• EXERCISE DIRECTIONS
Copy out the listing that follows exactly, dropping every picture.

• DATA PROVIDED
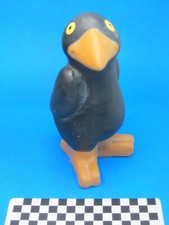 Rabe, Keramik, ca. 20 cm hoch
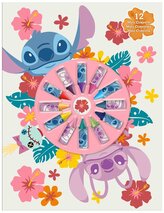 Notatnik z 12 mini kredkami Stitch, Kids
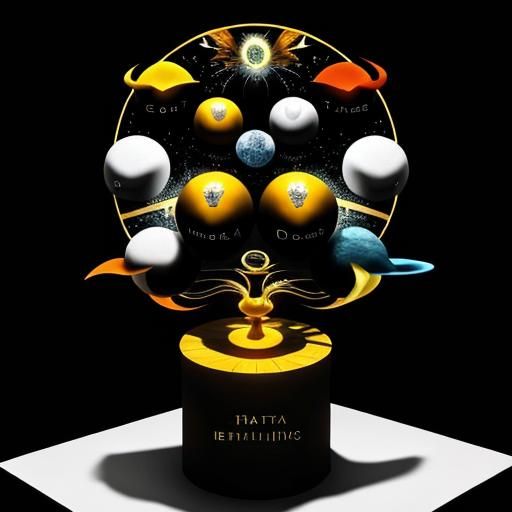 Taoist Artwork: Dynamic Interplay of Opposing Forces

• SOLUTION TO THIS EXERCISE
 Rabe, Keramik, ca. 20 cm hoch
 Notatnik z 12 mini kredkami Stitch, Kids
 Taoist Artwork: Dynamic Interplay of Opposing Forces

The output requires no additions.